We need a national textile policy document, an articulation much like the national telecom policy of 1999, which was a game changer, and led to the upsurge of India’s telecom revolution, An equally imaginative, bold and futuristic blueprint is urgently needed. The last official national textile policy is from 17 years ago. The one prior to that was in 1985. Talk of a new policy has been in the works for several years. We do have a vision document for 2024-25, from which we got the employment numbers quoted at the beginning of this column.
Consider this. The world operated under a patently unfair quota system called the Multi Fibre Agreement (MFA), which shackled the growth of India’s textile and garment exports. The MFA was dismantled completely in 2005 and India was supposed to surge ahead. Instead we have lost steam. India’s share of textile exports in total exports, at 12%, is half of what it was in 1996. If you think that’s not so bad, because other sectors like petrol and diesel went from zero to 20% of export share, think again!
Bangladesh’s garment exports exceeded India’s in absolute terms back in 2003. Today it exports more than $35 billion worth of garments, twice that of India. Indeed, there are Indian entrepreneurs who have set up operations in Bangladesh for exports to Western markets. Even late starter Vietnam overtook India in 2011, and now exports garments worth $32 billion. The fact that these two smaller nations have preferential access to the European Union and US markets doesn’t quite explain their huge lead over India. Their growth in exports has been at 20% per year, against India’s 8%. In overall textile trade globally, India has a share of merely 5%, against China’s 39%. In the sub-segment of synthetic fibres, India’s share is just 2%, against China’s 66%.
While India has a rich mix of synthetic and natural fibres and yarns, including cotton, jute, silk, polyester and viscose, it remains a cotton-focused country. The presence of cotton in yarn, fibre, fabric and garments is close to 70% of usage within India, which is also reflected in exports. Only 30% is from synthetics and man-made fibres. The global trend is exactly the obverse, i.e. 70% consists of man-made fibres. So India’s domestic and export mix is the opposite of global fashion and demand trends.
Till recently, thanks to the Chinese government’s support for stockpiling cotton yarn, India was also finding it profitable to export raw cotton to China. The inverse skew of fibre usage in India is due to the skewed tax treatment. Until the roll-out of the goods and services tax (GST), the cotton value chain was completely free of indirect taxation. Whereas the man-made fibre suffered a dead-weight tax of 12% excise, which resulted in unutilized VAT (valued-added tax) credit in the chain. That anomaly was supposed to be removed by uniform GST treatment for the textile sector. Instead of a fibre-neutral policy, we have a dual GST structure, with 18% GST on upstream, and 5% on all downstream, leaving an inverted duty structure. In addition, the offsetting credits cannot be used to get a refund by downstream entities.
This has already led to much disruption, as can be seen in shutdowns or strikes in powerloom clusters such as Surat, Bhiwandi or Coimbatore. Some of this is because of the reluctance of the informal sector to step into the limelight of the formal sector with GST. But some of it is also because of the effect of inverted duties and the disallowing of GST refunds.
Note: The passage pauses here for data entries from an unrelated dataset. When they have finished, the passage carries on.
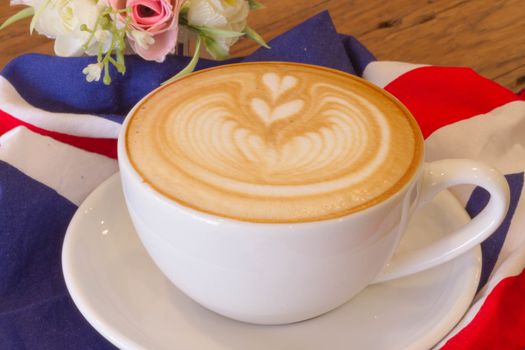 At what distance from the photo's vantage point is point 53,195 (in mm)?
696

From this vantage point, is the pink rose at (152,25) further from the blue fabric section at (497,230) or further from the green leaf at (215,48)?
the blue fabric section at (497,230)

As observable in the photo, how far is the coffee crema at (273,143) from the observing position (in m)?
0.51

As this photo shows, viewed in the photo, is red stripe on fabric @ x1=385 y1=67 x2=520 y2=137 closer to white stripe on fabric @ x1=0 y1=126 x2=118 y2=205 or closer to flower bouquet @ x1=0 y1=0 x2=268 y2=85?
flower bouquet @ x1=0 y1=0 x2=268 y2=85

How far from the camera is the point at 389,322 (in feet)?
1.95

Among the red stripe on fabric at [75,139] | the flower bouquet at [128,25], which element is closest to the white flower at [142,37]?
the flower bouquet at [128,25]

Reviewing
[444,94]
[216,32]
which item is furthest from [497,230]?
[216,32]

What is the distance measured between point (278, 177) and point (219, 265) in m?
0.08

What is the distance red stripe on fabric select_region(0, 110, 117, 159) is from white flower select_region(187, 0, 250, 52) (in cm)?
15

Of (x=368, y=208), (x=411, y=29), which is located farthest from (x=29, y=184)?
(x=411, y=29)

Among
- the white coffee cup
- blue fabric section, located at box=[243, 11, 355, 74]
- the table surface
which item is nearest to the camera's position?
the white coffee cup

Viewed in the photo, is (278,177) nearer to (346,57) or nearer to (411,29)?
(346,57)

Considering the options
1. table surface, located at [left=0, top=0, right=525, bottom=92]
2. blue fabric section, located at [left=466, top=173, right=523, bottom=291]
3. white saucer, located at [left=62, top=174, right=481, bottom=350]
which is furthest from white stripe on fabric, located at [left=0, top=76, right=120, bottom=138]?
blue fabric section, located at [left=466, top=173, right=523, bottom=291]

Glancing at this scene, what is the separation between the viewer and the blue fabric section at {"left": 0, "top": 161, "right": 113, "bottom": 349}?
62 cm

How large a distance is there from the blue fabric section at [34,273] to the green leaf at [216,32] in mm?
222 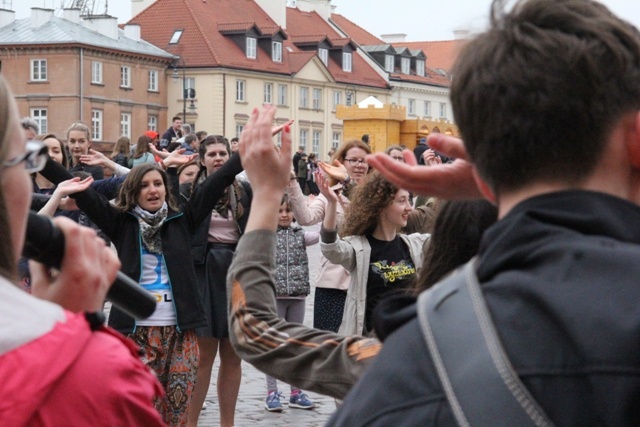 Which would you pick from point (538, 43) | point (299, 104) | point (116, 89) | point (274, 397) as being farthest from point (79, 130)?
point (299, 104)

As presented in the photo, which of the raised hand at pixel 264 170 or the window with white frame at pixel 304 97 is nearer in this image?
the raised hand at pixel 264 170

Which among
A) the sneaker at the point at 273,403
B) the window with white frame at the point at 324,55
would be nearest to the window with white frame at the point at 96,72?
the window with white frame at the point at 324,55

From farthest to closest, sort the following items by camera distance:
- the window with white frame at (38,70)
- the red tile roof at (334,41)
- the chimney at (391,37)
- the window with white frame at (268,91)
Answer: the chimney at (391,37)
the red tile roof at (334,41)
the window with white frame at (268,91)
the window with white frame at (38,70)

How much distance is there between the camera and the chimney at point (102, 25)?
6731 cm

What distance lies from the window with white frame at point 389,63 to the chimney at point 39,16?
25.2 metres

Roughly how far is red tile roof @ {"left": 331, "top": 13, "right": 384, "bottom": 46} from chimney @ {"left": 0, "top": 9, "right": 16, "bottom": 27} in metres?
26.4

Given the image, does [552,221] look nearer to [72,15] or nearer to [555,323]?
[555,323]

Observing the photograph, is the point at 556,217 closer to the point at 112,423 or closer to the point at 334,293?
the point at 112,423

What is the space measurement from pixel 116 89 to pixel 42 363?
66628 millimetres

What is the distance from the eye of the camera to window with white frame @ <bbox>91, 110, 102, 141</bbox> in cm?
6562

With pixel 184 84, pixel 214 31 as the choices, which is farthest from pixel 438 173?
pixel 214 31

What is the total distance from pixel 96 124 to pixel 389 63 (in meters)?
24.9

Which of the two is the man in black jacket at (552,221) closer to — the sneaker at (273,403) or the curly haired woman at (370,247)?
the curly haired woman at (370,247)

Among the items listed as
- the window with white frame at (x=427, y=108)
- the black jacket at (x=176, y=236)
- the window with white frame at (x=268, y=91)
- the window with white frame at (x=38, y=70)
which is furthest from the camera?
the window with white frame at (x=427, y=108) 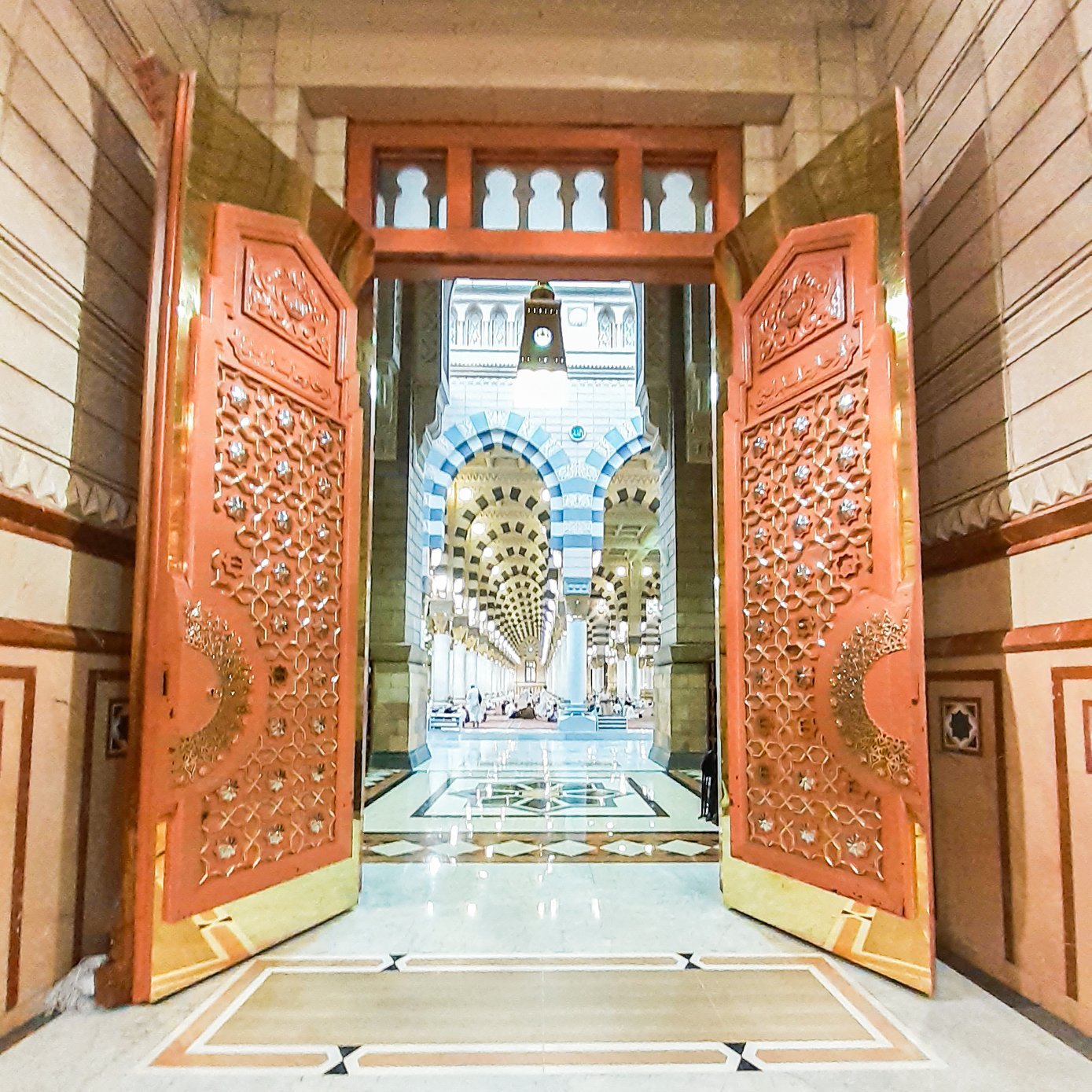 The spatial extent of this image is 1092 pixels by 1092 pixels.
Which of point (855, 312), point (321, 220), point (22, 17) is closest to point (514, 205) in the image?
point (321, 220)

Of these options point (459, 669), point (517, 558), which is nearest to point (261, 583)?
point (517, 558)

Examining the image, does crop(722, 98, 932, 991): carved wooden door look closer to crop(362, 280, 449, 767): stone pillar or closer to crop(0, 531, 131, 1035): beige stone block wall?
crop(0, 531, 131, 1035): beige stone block wall

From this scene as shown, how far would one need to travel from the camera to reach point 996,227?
2268mm

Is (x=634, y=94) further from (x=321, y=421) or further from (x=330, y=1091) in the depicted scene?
(x=330, y=1091)

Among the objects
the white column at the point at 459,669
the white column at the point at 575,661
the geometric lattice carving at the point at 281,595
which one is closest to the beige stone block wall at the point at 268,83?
the geometric lattice carving at the point at 281,595

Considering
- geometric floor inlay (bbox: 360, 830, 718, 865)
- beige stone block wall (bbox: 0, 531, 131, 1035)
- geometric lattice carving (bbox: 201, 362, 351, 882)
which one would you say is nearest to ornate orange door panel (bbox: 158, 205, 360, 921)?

The other big factor looming large on the sector is the overhang of excess capacity in the fibre and yarn sectors in China. That causes a downward pressure on prices and the flood of imports also remains a constant threat. With rising wages in China, the labour-intensive garment sector is perhaps moving out, and represents a great opportunity for India. But unless that is grabbed soon with a coherent and holistic national policy, we run the risk of losing to countries like Vietnam.
Textiles, along with agriculture, construction and tourism, has large-scale job creation potential. It is a sector dotted with small and medium enterprises, which make up 80% of the units. It is ideally positioned to be a poster child for Make In India. But it needs a national policy and implementation plan, which can address these challenges: changing consumer and fashion trends, a significant demand for investment and modernization of machinery, massive skill upgradation, meaningful export incentives, a fibre-neutral tax policy, a big digital push in design and automation, and lastly, meeting the needs of the e-commerce phenomenon. It’s a tall order, but surely we can untangle this web.
Ajit Ranade is chief economist at Aditya Birla Group.